Among the entries below, only the lines from the one with "temp 1768251837485.jpg" through the one with "Pots & Bird Feeders" are wanted, reproduced exactly. Pictures are not wanted.

* _WORKING DATA_

Content starts

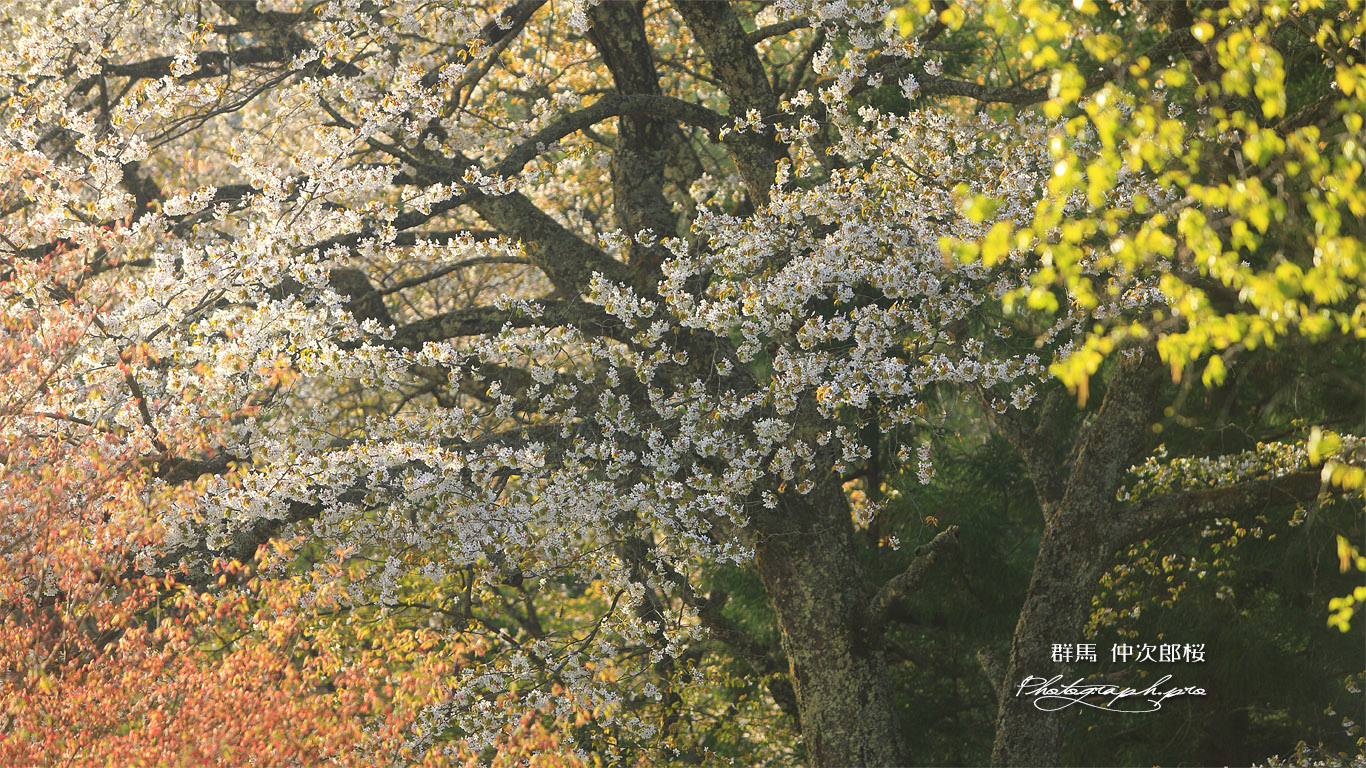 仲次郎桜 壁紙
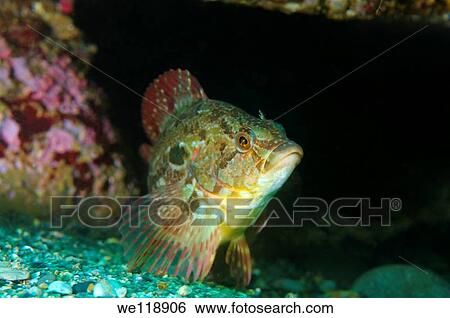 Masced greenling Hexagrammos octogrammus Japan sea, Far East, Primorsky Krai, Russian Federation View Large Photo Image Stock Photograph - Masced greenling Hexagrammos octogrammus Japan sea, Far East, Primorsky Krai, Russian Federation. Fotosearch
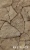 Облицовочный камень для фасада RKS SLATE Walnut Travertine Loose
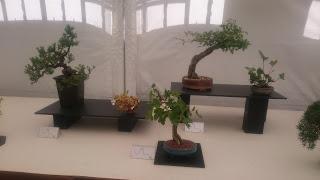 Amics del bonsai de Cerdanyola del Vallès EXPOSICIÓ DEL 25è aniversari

Content ends
Content starts

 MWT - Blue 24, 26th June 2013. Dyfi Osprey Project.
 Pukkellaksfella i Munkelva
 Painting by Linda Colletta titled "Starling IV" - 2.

Content ends
Content starts

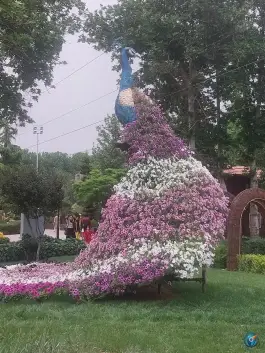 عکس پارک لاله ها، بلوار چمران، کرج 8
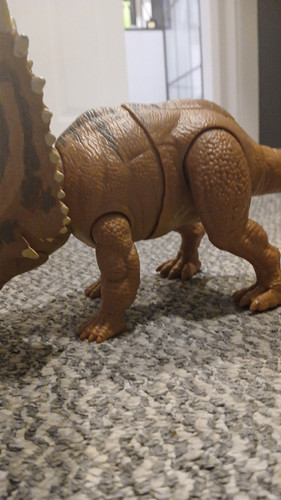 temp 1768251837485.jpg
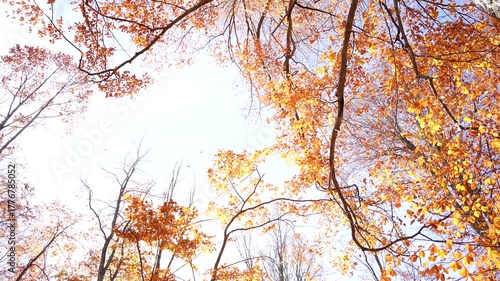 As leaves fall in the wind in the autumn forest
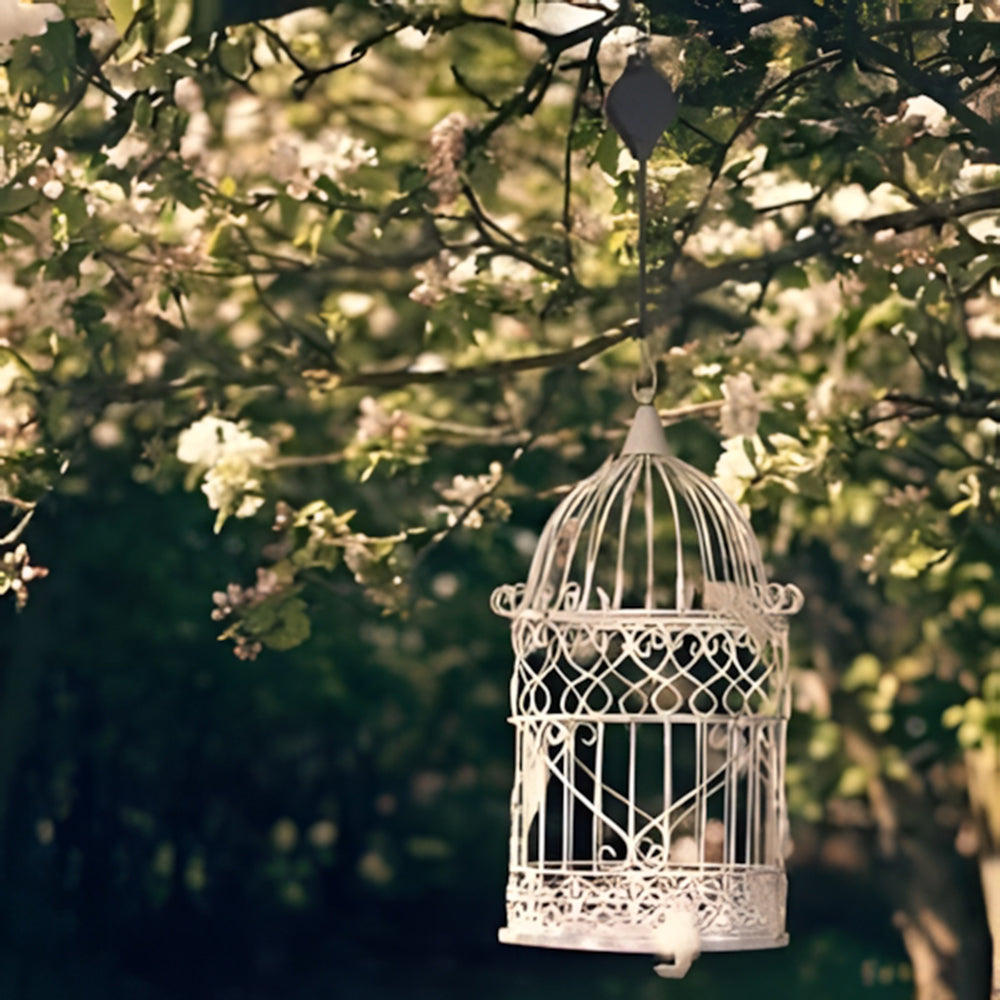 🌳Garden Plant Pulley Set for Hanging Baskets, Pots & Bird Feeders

Content ends

* _FINAL ANSWER_
 temp 1768251837485.jpg
 As leaves fall in the wind in the autumn forest
 🌳Garden Plant Pulley Set for Hanging Baskets, Pots & Bird Feeders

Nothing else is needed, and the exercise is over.